Paris, 12 octobre. — Je rentre des Nozze[1] tout plein de divines impressions.

— J’ai vu M. H*** ce matin ; je suis toujours troublé comme un faible enfant. Quelle mobilité que celle de mon esprit ! Un instant, une idée dérange tout, renverse et retourne les résolutions les plus avancées… Par un sentiment intérieur de bonne foi, je ne voudrais pas paraître mieux que je ne suis, mais à quoi bon ? Chaque homme s’inquiète bien plus de la moindre de ses misères que des plus insignes calamités d’une nation tout entière.

— Ne fais que juste ce qu’il faudra. — Tu t’es trompé : ton imagination t’a trompé.

— Cette musique m’inspire souvent de grandes pensées. Je sens un grand désir de faire, quand je l’entends ; ce qui me manque, je crains, c’est la patience. Je serais un tout autre homme, si j’avais dans le travail la tenue de certains que je connais ; je suis trop pressé de produire un résultat.
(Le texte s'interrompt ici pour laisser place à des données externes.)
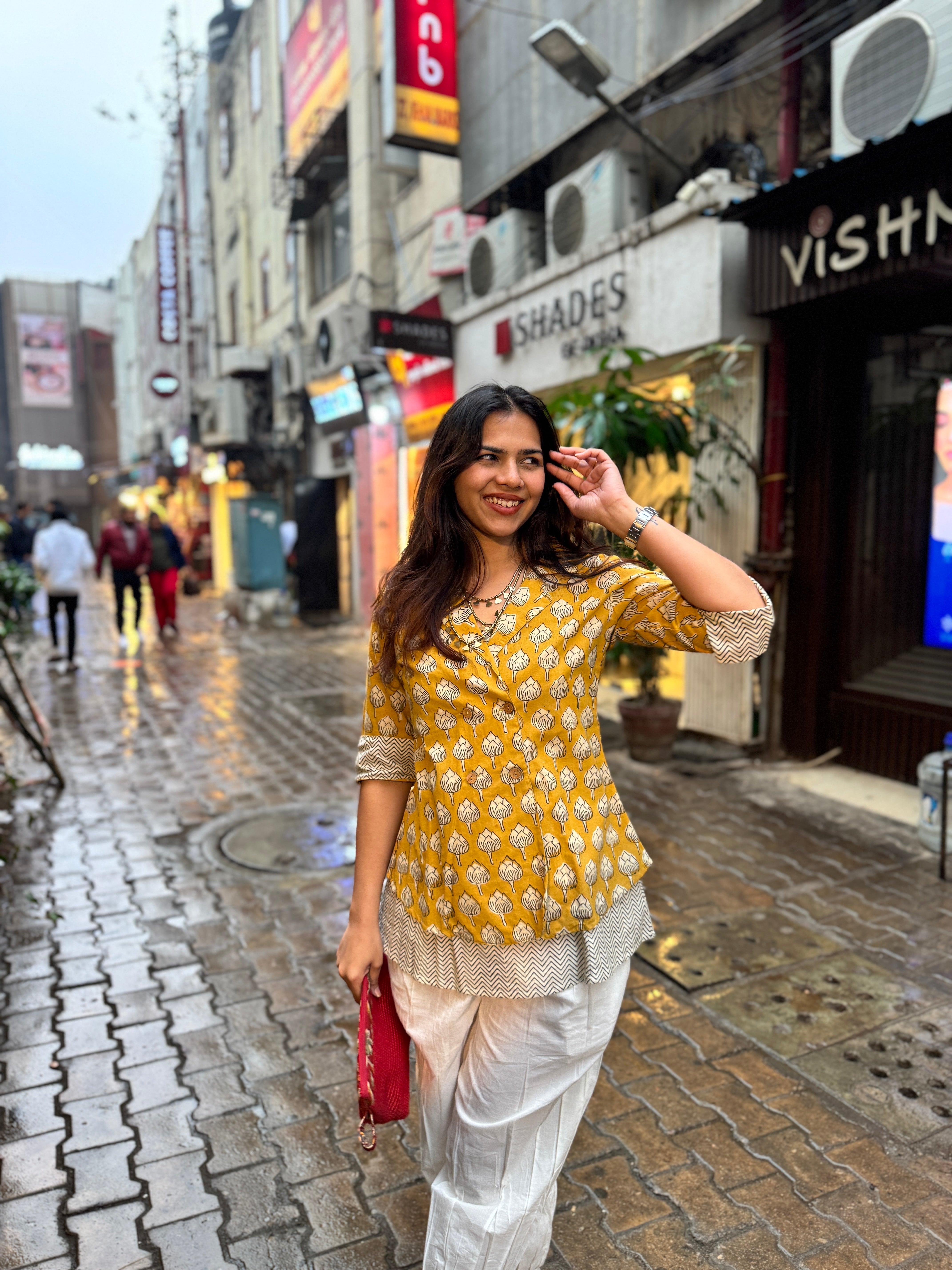 Patta Patti Hand Block Print Double Layer Top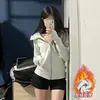 Nuevo Suéter Cardigan Deportivo para Mujer Primavera y Otoño 2025 Holgado con Capucha y Cremallera Tops Casuales Más Fáciles de Combinar Top de Terciopelo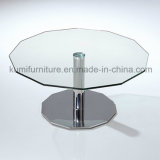 Stainless Steel Silver Tea Table with Tempered Glass Top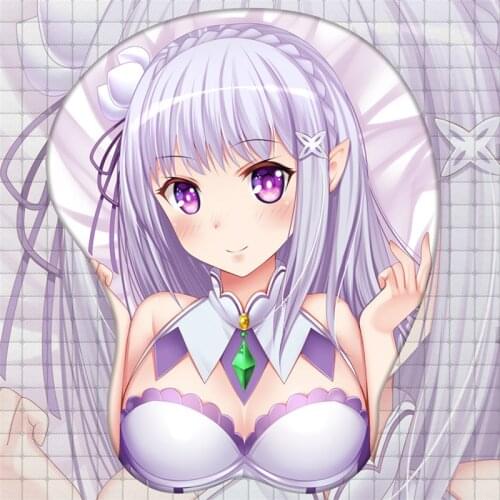 Anime Re Life in a different world from zero Emilia Cosplay Prop Mouse Pad Pattern 3D Soft Gel Gaming With Wrist Support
— Nous avons dîné ensemble, Charles et Piron ; puis aux Italiens. Comme toutes ces femmes m’agitent délicieusement ! Ces grâces, ces tournures, toutes ces divines choses que je vois et que je ne posséderai jamais me remplissent de chagrin et de plaisir à la fois[2].

— Je voudrais bien refaire du piano et du violon.

— J’ai repensé aujourd’hui avec complaisance à la dame des Italiens.

Même soir, une heure et demie de la nuit. — Je viens de voir au milieu de nuages noirs et d’un vent orageux briller un moment Orion dans le ciel. J’ai d’abord pensé à ma vanité, en comparaison de ces mondes suspendus ; ensuite j’ai pensé à la justice, à l’amitié, aux sentiments divins gravés au cœur de l’homme, et je n’ai plus trouvé de grand dans l’univers que lui et son auteur. Cette idée me frappe. Peut-il ne pas exister ? Quoi ! le hasard, en combinant les éléments, en aurait fait jaillir les vertus, reflets d’une grandeur inconnue ! Si le hasard eût fait l’univers, qu’est-ce que signifieraient conscience, remords et dévouement ? Oh ! si tu peux croire, de toutes les forces de ton être, à ce Dieu qui a inventé le devoir, tes irrésolutions seront fixées. Car, avoue que c’est toujours cette vie, la crainte pour elle ou pour son aise, qui trouble tes jours rapides, qui couleraient dans la paix, si tu voyais au bout le sein de ton divin Père pour te recevoir !

Il faut quitter cela et se coucher : mais j’ai rêvé avec grand plaisir…

— J’ai entrevu un progrès dans mon étude de chevaux.

  1. On sait quelle admiration Delacroix professait pour le génie de Mozart. Cette reprise des Noces le préoccupait, et il l’attendait avec impatience, car le 30 août 1822, il écrivait à Pierret : « Dis-moi si tu sais qui fait le rôle de la comtesse dans les Nozze di Figaro que l’on joue à présent, depuis que Mme Mainvielle n’y est plus. » M. Burty ajoute en note : « Les Nozze furent données du 27 juillet au 14 septembre, quatre fois avec cette distribution : Almaviva, Levasseur ; Figaro, Pellegrini ; Bartolo, Profeti ; Bazilio, Deville ; Antonio, Auletta ; Comtessa, Bonini ; Suzanna, Naldi ; Cherubino, Cinti ; Marcelina, Goria ; Barberina, Blangy. » (Corresp., t. I, p. 91.)
  2. Ces préoccupations amoureuses le hantaient depuis sa première jeunesse. On pourrait rapprocher ce passage d’un fragment de lettre adressée à Pierret le 21 février 1821 : « Je suis malheureux, je n’ai point d’amour. Ce tourment délicieux manque à mon bonheur. Je n’ai que de vains rêves qui m’agitent et ne satisfont rien du tout. J’étais si heureux de souffrir en aimant ! Il y avait je ne sais quoi de piquant jusque dans ma jalousie, et mon indifférence actuelle n’est qu’une vie de cadavre. » (Corresp., t. I, p. 75.)